EXERCISE INSTRUCTIONS >>
When you reach the line below that has "F7BD4780-4CA3-46A6-8C89-0413F7CE2BFC", start returning lines exactly, and stop after the line that has "AUGUSTIN & PARTNER"; skip the pictures.

DATA FOR REVIEW >>

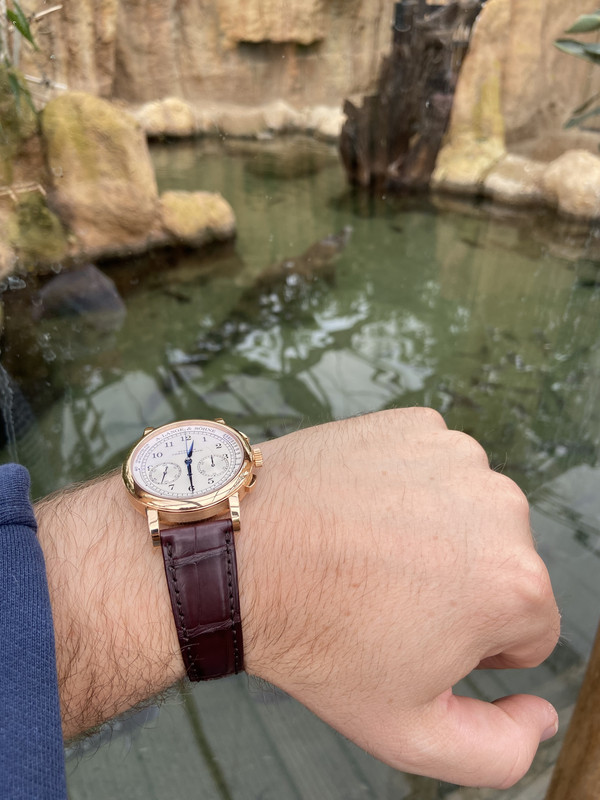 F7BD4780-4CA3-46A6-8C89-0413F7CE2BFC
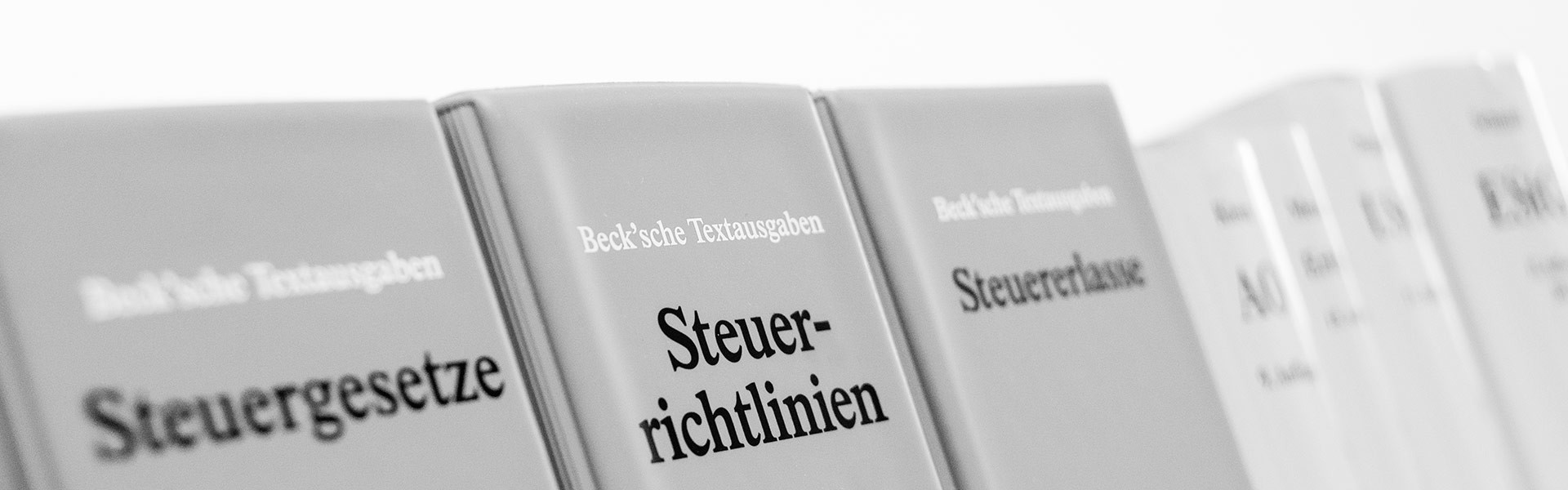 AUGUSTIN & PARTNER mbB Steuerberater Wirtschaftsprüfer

* * *

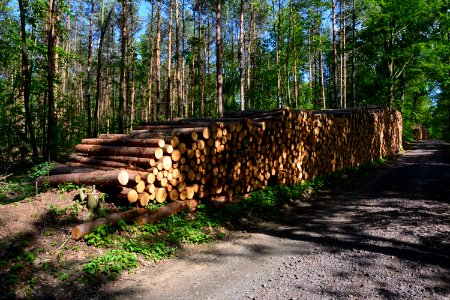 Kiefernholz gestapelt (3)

RESPONSE BOX >>
 F7BD4780-4CA3-46A6-8C89-0413F7CE2BFC
 AUGUSTIN & PARTNER mbB Steuerberater Wirtschaftsprüfer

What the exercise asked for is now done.